Full Parliamentarisation of the EU without Changing the Treaties           Why We Should Aim for It and How Easily It Can be Achieved

The two main reasons why democracy won the contest for the leading legitimacy claim in the modern world are its capacity to generate loyalty and its self-correction potential. In order to use these virtues, the European Commission (conceptualised as the government of the EU) should be elected solely by the European Parliament. According to the general perception, a modification of the treaties would be inevitable in order to achieve such a change. The paper attempts to show that this perception is wrong: there is another (currently more viable) way to achieve this outcome, which was successfully used a long time ago to reform the British constitutional system on a step by step basis. In the U.K., there is currently (and there was) no legal rule prescribing that the monarch has to appoint as Prime Minister the person who commands the majority support of the House of Commons. It is happening though, by a (legally non-binding) constitutional convention.
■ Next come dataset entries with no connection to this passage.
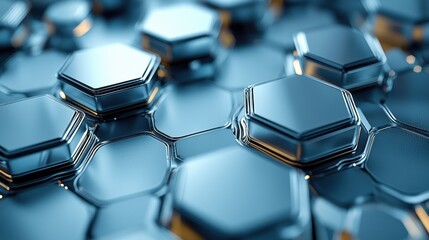 Obraz premium Metallic hexagons surface with glowing edges, abstract background, technology or science backdrop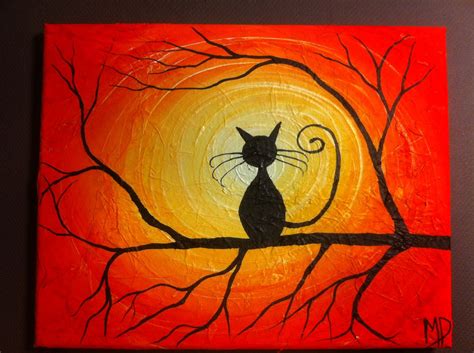 View Cat Silhouette Painting PNG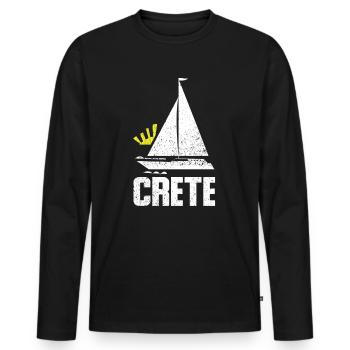 Crete - Men's Premium Organic Long Sleeve Shirt - black - Front - Nico (187cm)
After analysing the concept of constitutional conventions and its applicability to the EU, the paper reaches the conclusion that we can achieve a parliamentary system under the current legal regime, if politicians in the European Parliament have the ambition to take the necessary steps. If it happened, then the EU government system would become similar to some extent to today’s German system, where a party coalition in the lower chamber supports the government, and the upper chamber takes part substantively only in the legislation but not in the formation of the government.